DATA EXCERPT:
>>>>
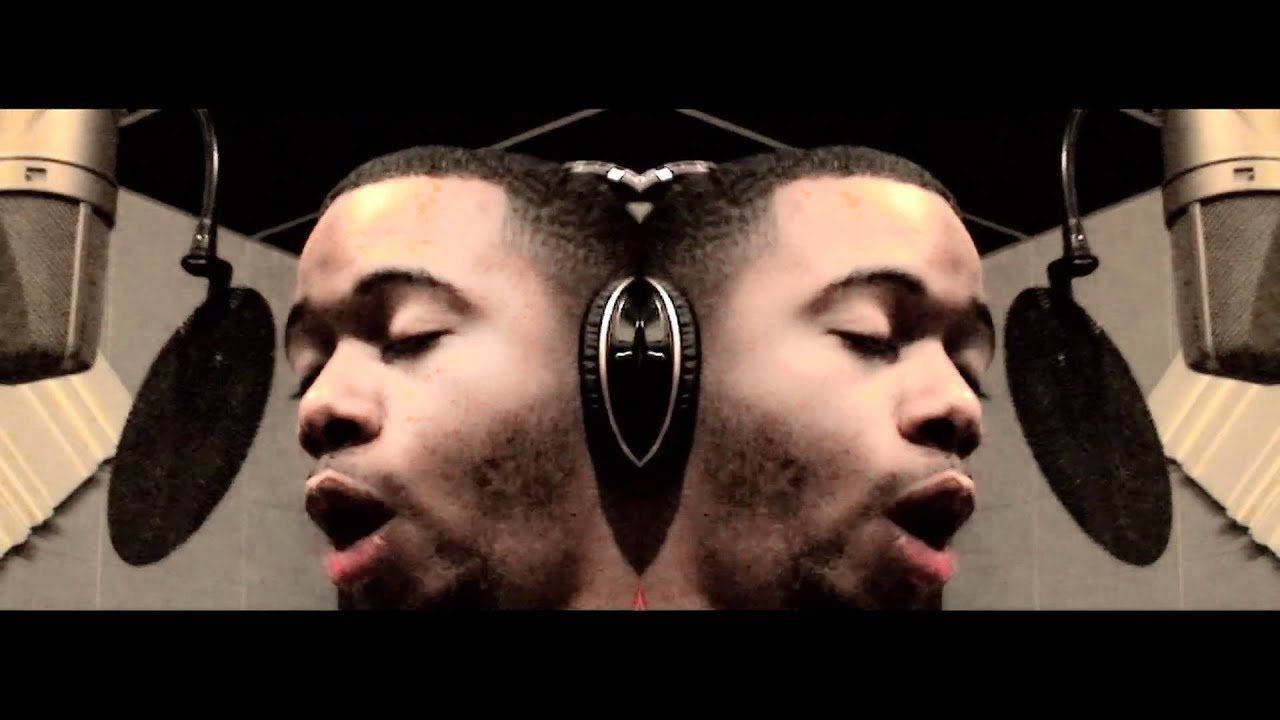 Tha Joker - Show Out - Roscoe Dash Freestyle [Studio Performance] (@iAmTooCold)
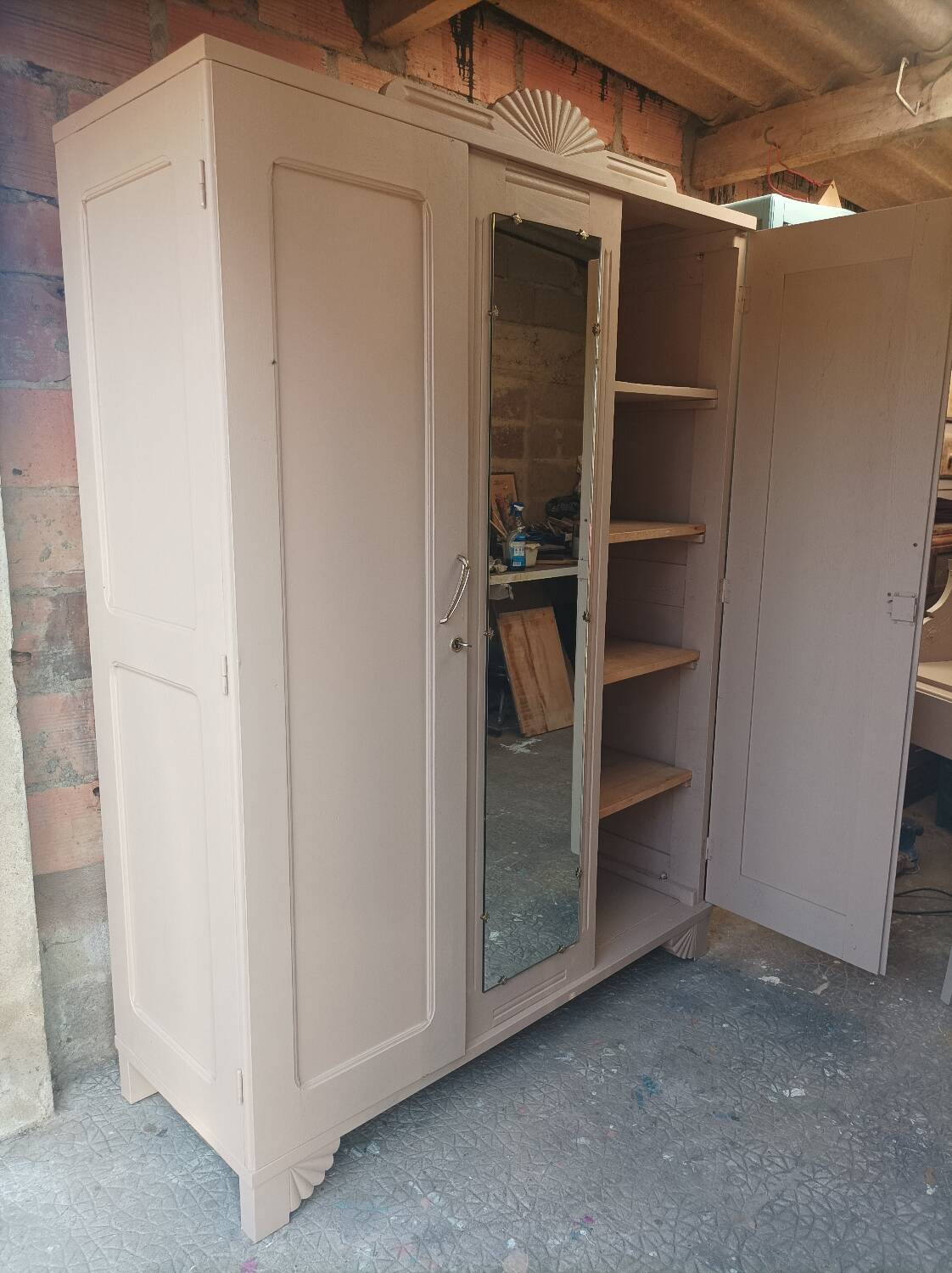 Vintage Art Deco 3-door wardrobe
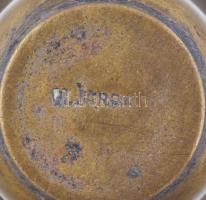 Népies motívumokkal díszített réz kupica, jelzett, d: 4 cm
<<<<
YOUR OBJECTIVE: Retype everything in the material word for word, minus pictures.

RESPONSE AREA:
 Tha Joker - Show Out - Roscoe Dash Freestyle [Studio Performance] (@iAmTooCold)
 Vintage Art Deco 3-door wardrobe
 Népies motívumokkal díszített réz kupica, jelzett, d: 4 cm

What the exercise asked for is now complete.